The only reason to migrate to another CPU would be if the work is
CPU-intensive, and I do suspect that is commonly not really the case.

And I strongly suspect that our WQ_CPU_INTENSIVE flag is pure garbage,
and should just be gotten rid of, because what could be considered
"CPU intensive" in under one situation might not be CPU intensive in
another one, so trying to use some static knowledge about it is just
pure guess-work.

The different situations might be purely contextual things ("heavy
network traffic when NAPI polling kicks in"), but it might also be
purely hardware-related (ie "this is heavy if we don't have CPU hw
acceleration for crypto, but cheap if we do").

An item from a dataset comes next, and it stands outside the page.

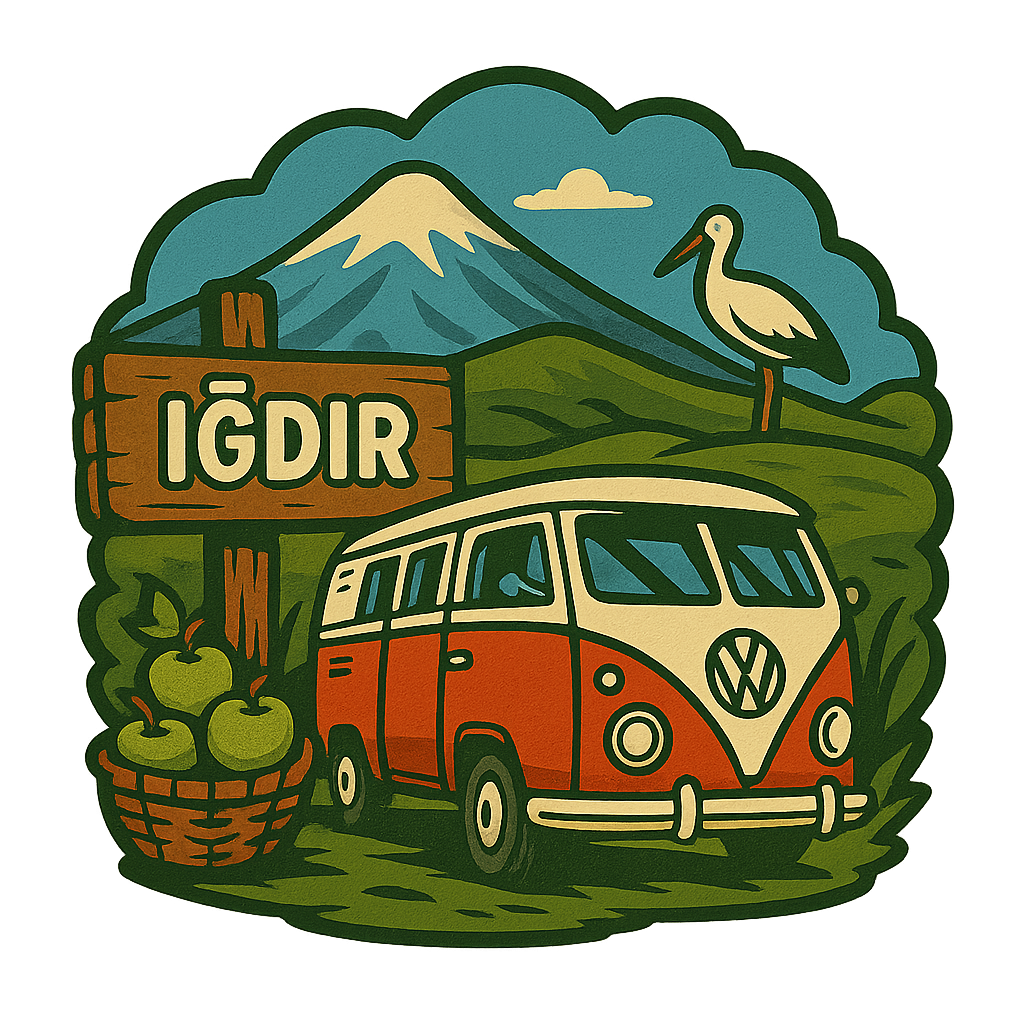 Iğdır Ahşap Magnet – Toptan UV Baskılı Retro Hediyelik Magnet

So I really don't think it should be some static decision, either
through WQ_CPU_INTENSIVE _or_ through "WQ_UNBOUND means schedule on
first available CPU".

Wouldn't it be much nicer if we just noticed it dynamically, and
WQ_UNBOUND would mean that the workqueue _can_ be scheduled on another
CPU if it ends up being advantageous?

And we actually kind of have that dynamic flag already, in the form of
the scheduler. It might even be explicit in the context of the
workqueue (with "need_resched()" being true and the workqueue code
itself might notice it and explicitly then try to spread it out), but
with preemption it's more implicit and maybe it needs a bit of
tweaking help.

So that's what I mean by "start the work as local CPU work" - use that
as the baseline decision (since it's going to be the case that has
cache locality), and actively try to avoid spreading things out unless
we have an explicit reason to, and that reason we could just get from
the scheduler.

The worker code already has that "wq_worker_sleeping()" callback from
the scheduler, but that only triggers when a worker is going to sleep.
I'm saying that the "scheduler decided to schedule out a worker" case
might be used as a "Oh, this is CPU intensive, let's try to spread it
out".

See what I'm trying to say?

And yes, the WQ_UNBOUND case does have a weak "prefer local CPU" in
how it basically tends to try to pick the current CPU unless there is
some active reason not to (ie the whole "wq_select_unbound_cpu()"
code), but I suspect that is then counter-acted by the fact that it
will always pick the workqueue pool by node - so the "current CPU"
ends up probably being affected by what random CPU that pool was
running on.

An alternative to any scheduler interaction thing might be to just
tweak "first_idle_worker()". I get the feeling that that choice is
just horrid, and that is another area that could really try to take
locality into account. insert_work() realyl seems to pick a random
worker from the pool - which is fine when the pool is per-cpu, but
when it's the unbound "random node" pool, I really suspect that it
might be much better to try to pick a worker that is on the right cpu.

But hey, I may be missing something. You know this code much better than I do.